── Data in this exercise
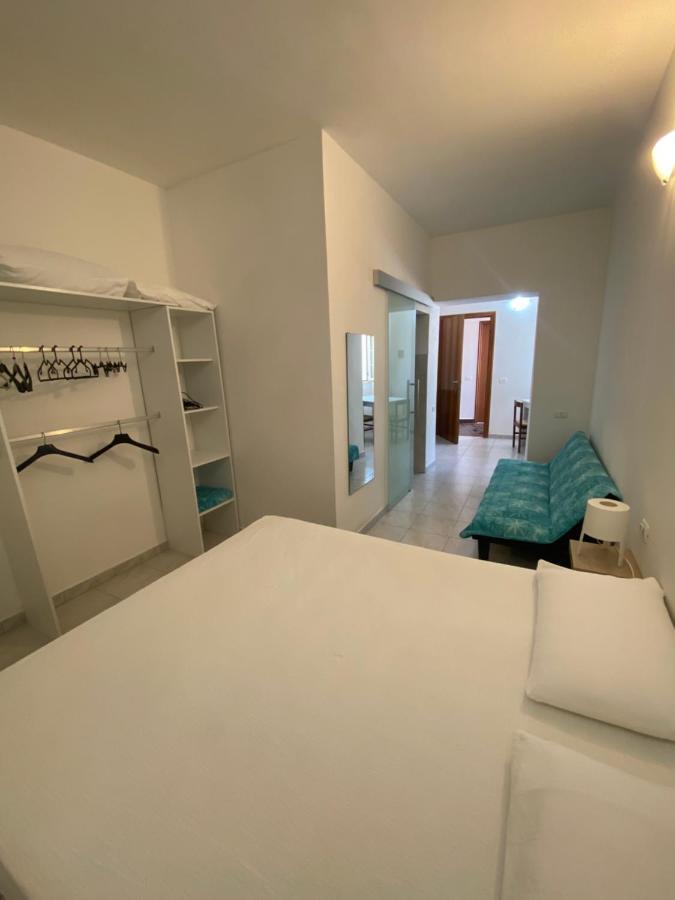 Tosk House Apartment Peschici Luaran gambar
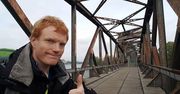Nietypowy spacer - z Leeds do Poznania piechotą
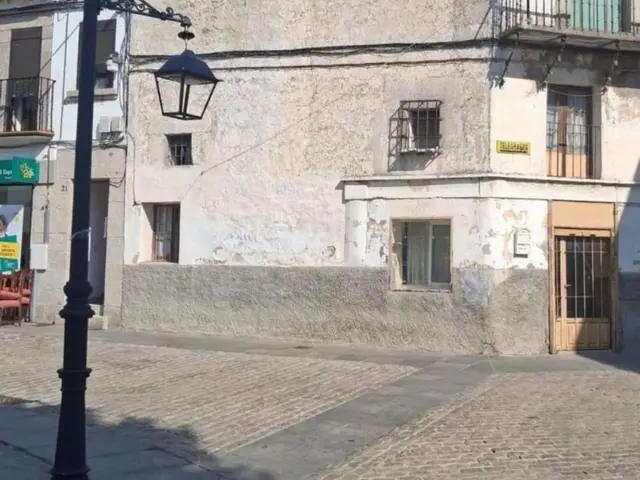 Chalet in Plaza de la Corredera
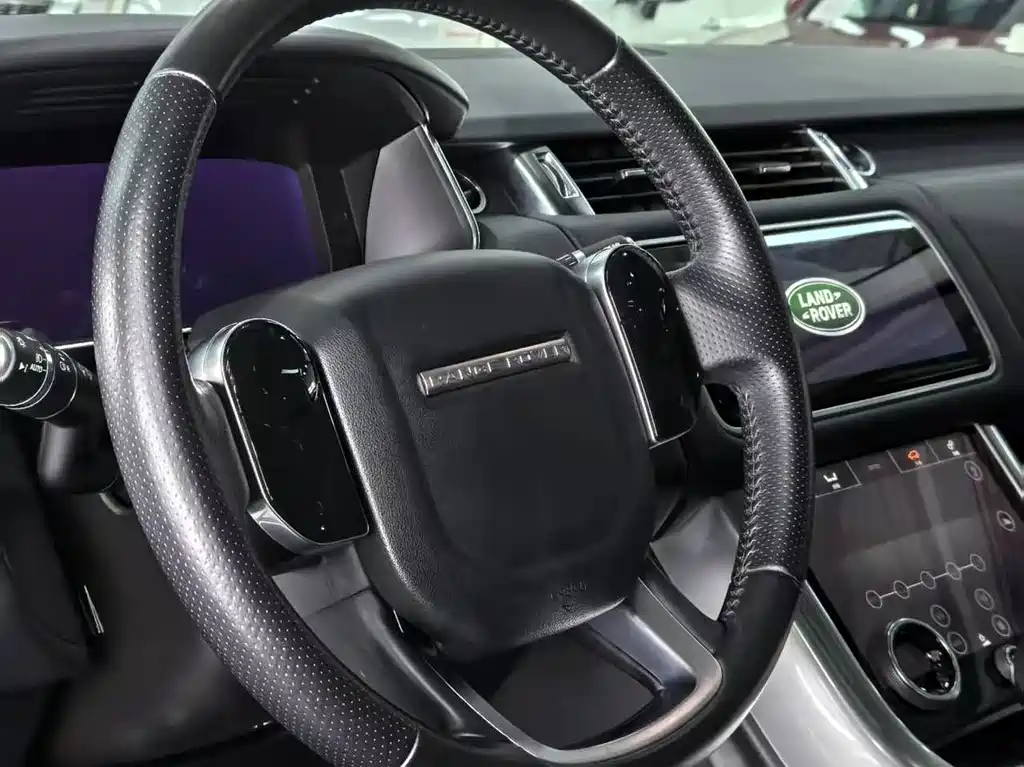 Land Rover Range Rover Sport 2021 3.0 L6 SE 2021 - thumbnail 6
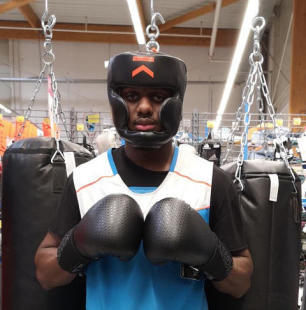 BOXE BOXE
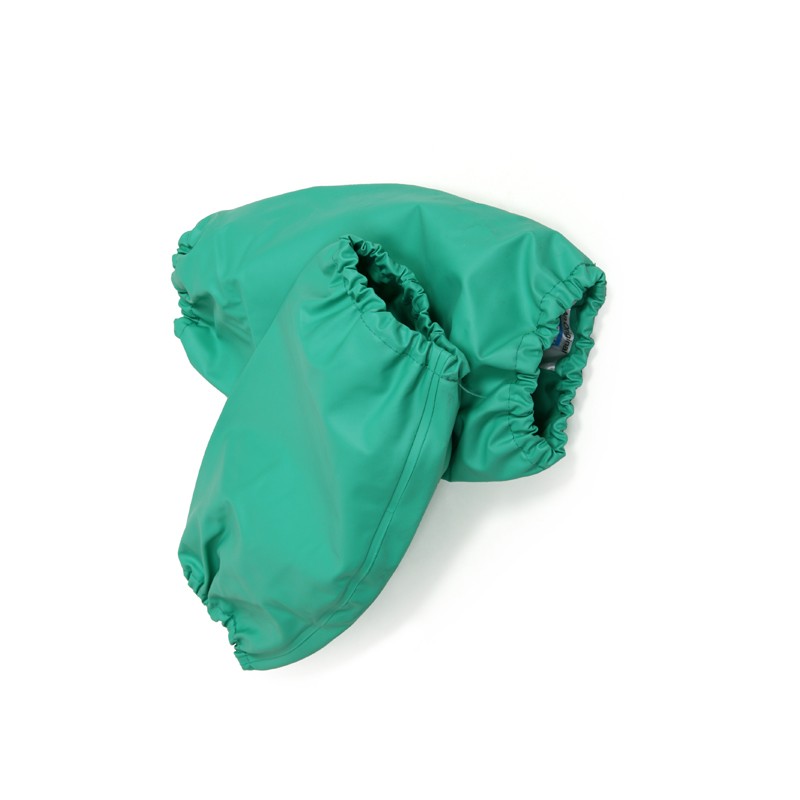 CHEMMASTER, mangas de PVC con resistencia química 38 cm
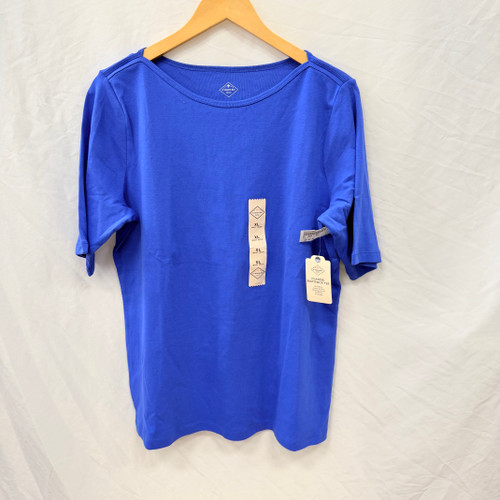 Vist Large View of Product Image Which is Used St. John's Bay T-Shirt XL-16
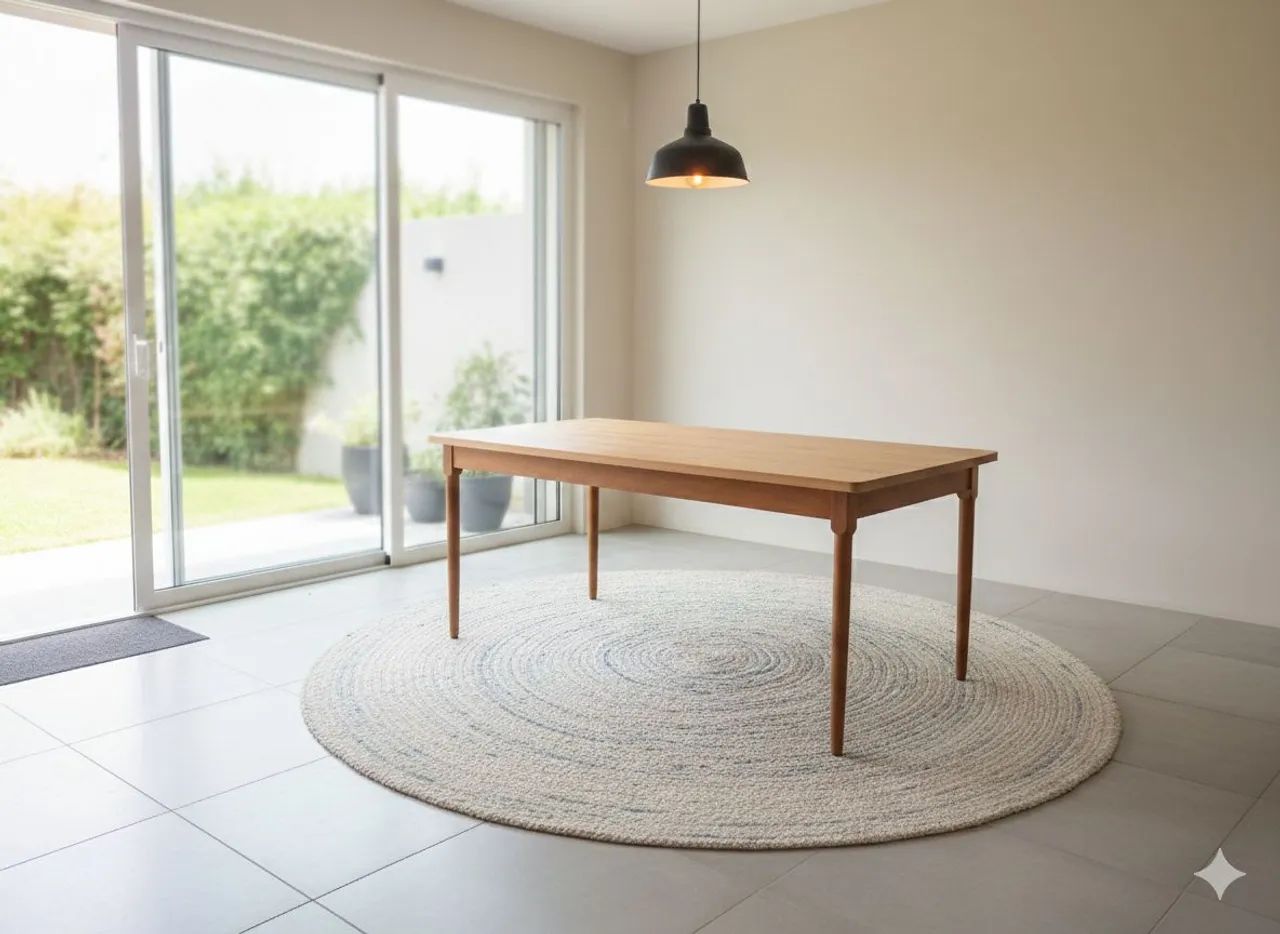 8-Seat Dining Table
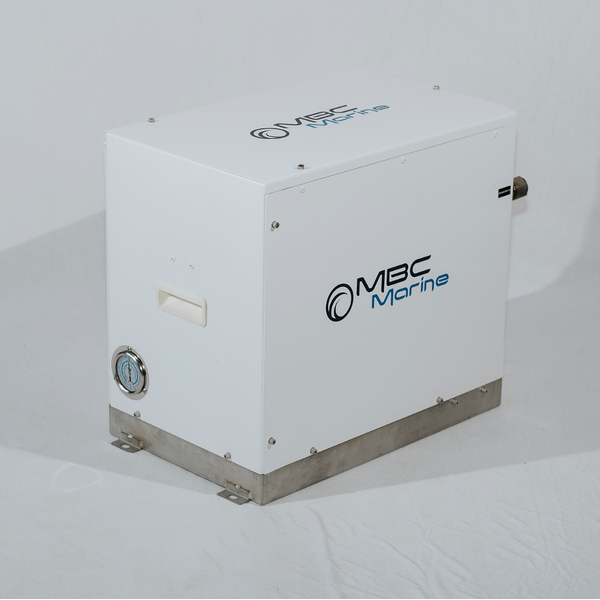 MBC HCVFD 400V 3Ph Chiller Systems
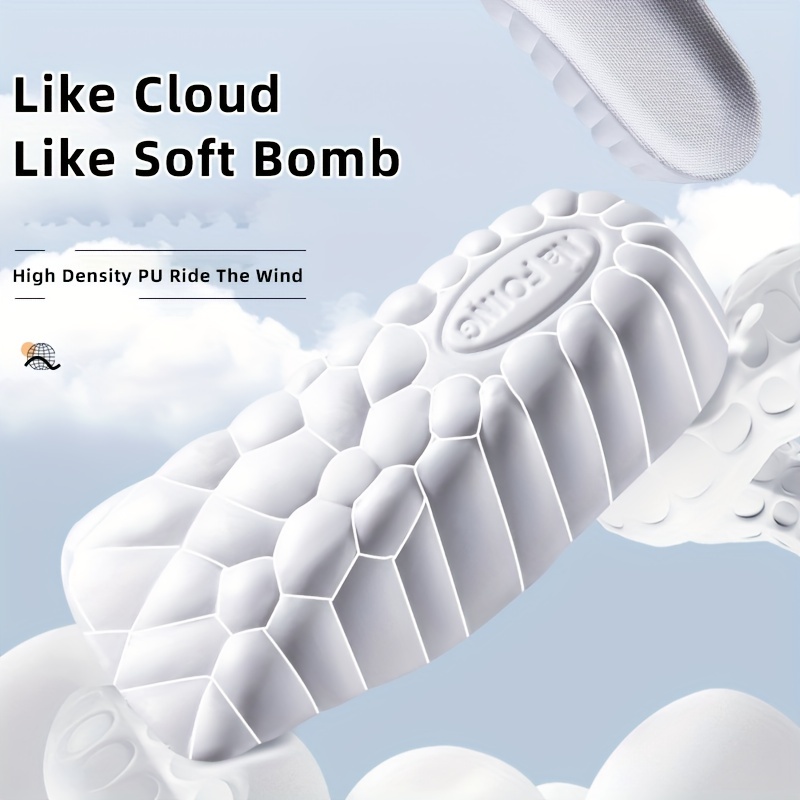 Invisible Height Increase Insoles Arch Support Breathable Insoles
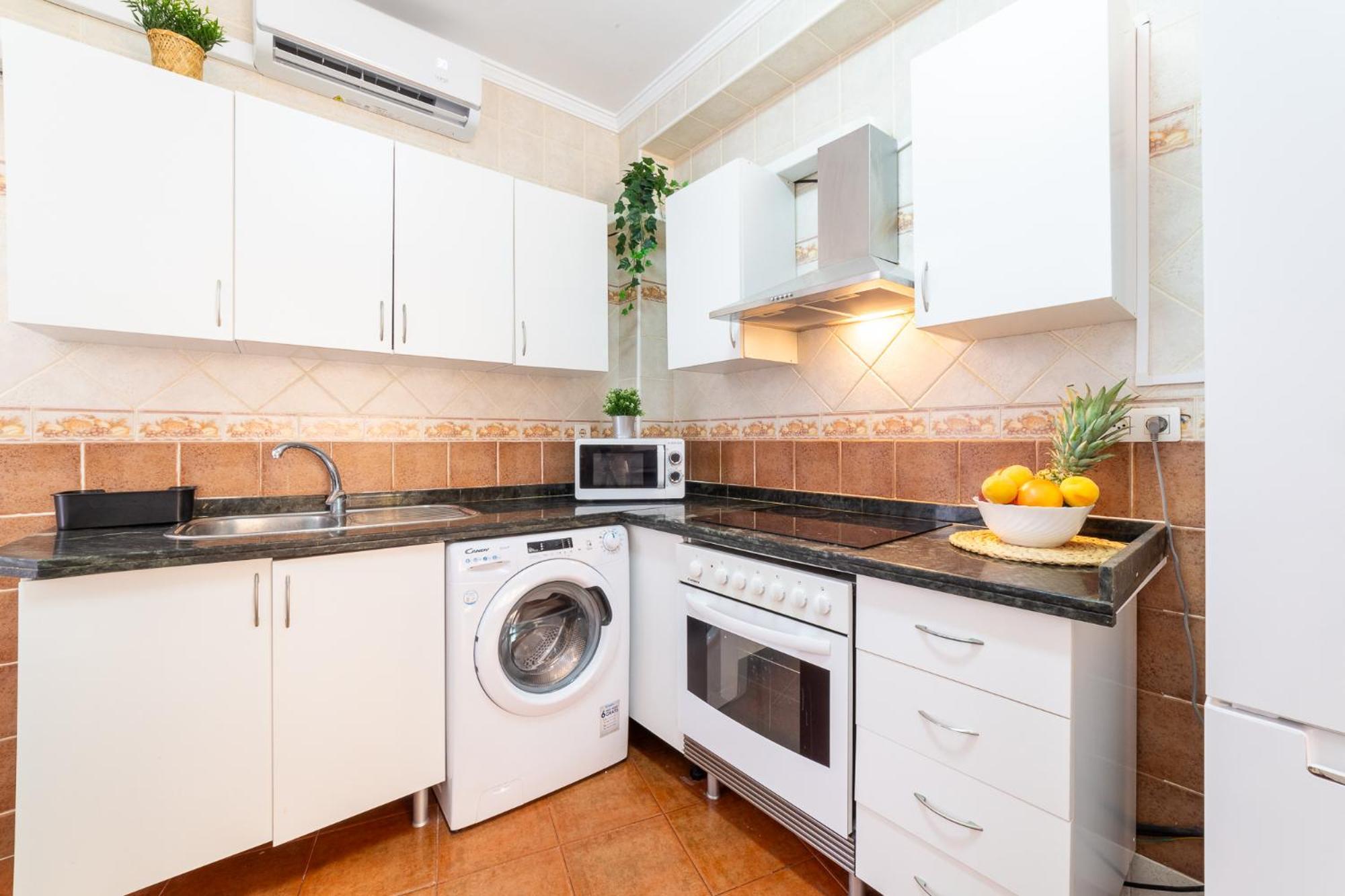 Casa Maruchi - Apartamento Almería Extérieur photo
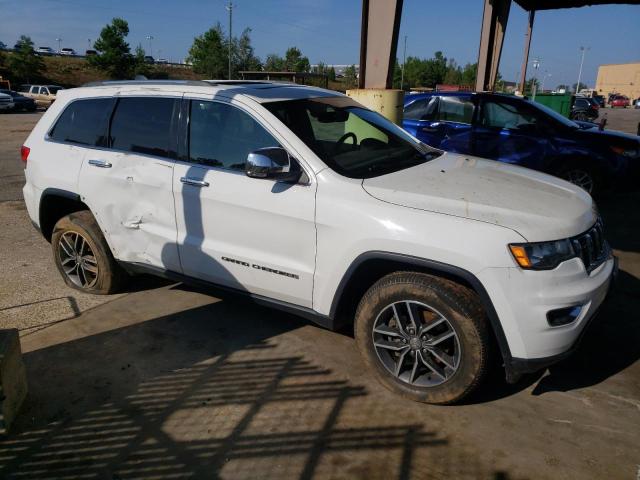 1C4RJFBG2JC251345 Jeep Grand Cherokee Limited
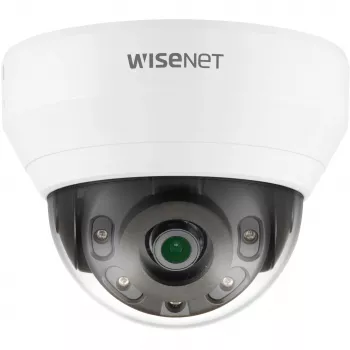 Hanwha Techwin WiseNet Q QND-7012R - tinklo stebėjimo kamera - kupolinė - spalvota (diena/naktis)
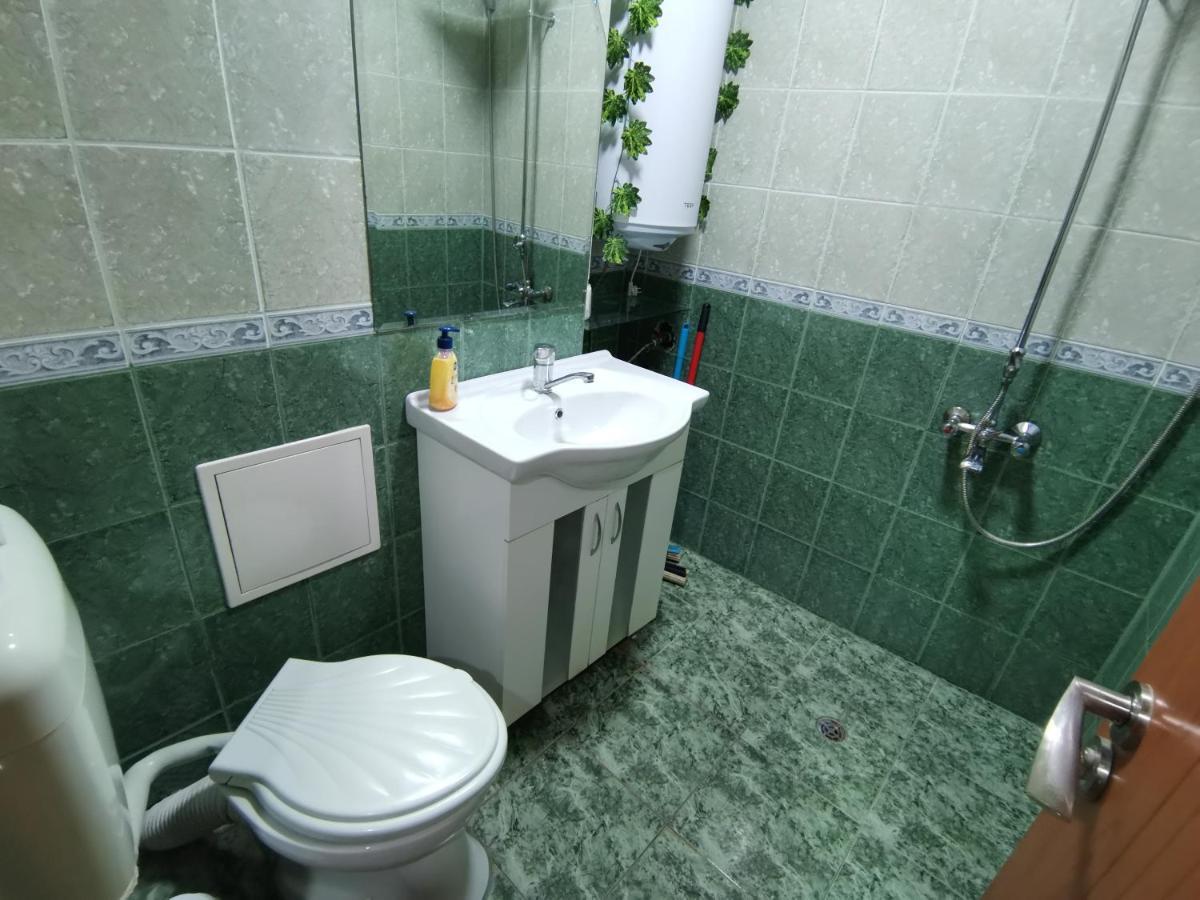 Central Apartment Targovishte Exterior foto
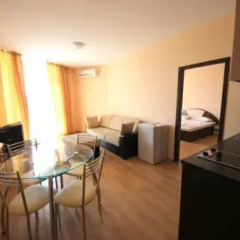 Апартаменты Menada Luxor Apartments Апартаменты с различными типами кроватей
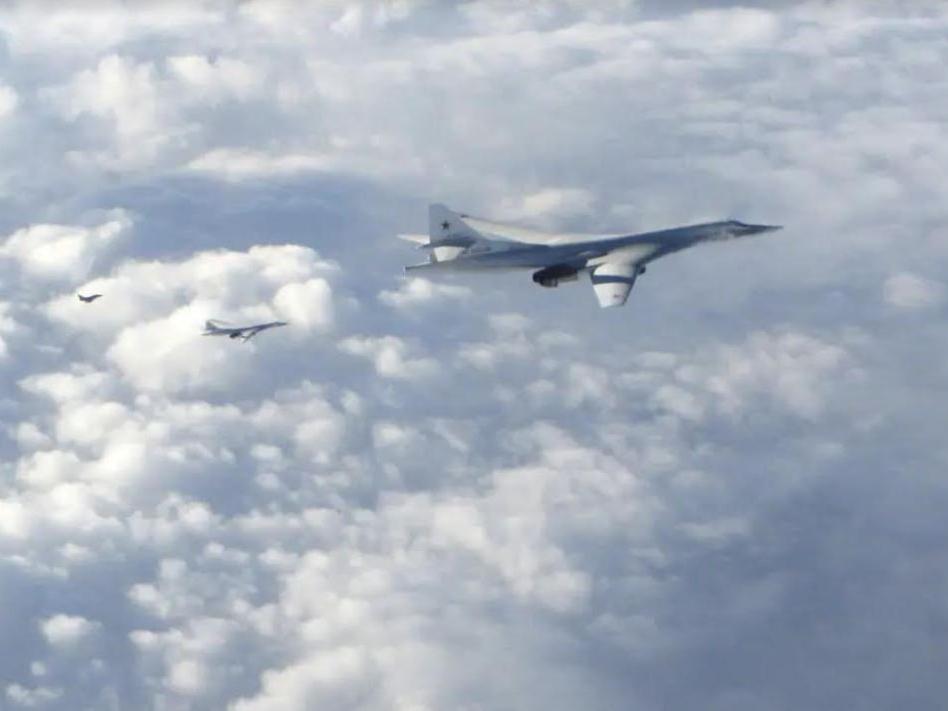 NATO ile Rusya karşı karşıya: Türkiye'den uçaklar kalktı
────
What this task involves :: Leave out each picture and extract the lines from the one containing "CHEMMASTER, mangas de" through the end of the records above, inclusive, exactly as they stand.

Completed exercise ::
 CHEMMASTER, mangas de PVC con resistencia química 38 cm
 Vist Large View of Product Image Which is Used St. John's Bay T-Shirt XL-16
 8-Seat Dining Table
 MBC HCVFD 400V 3Ph Chiller Systems
 Invisible Height Increase Insoles Arch Support Breathable Insoles
 Casa Maruchi - Apartamento Almería Extérieur photo
 1C4RJFBG2JC251345 Jeep Grand Cherokee Limited
 Hanwha Techwin WiseNet Q QND-7012R - tinklo stebėjimo kamera - kupolinė - spalvota (diena/naktis)
 Central Apartment Targovishte Exterior foto
 Апартаменты Menada Luxor Apartments Апартаменты с различными типами кроватей
 NATO ile Rusya karşı karşıya: Türkiye'den uçaklar kalktı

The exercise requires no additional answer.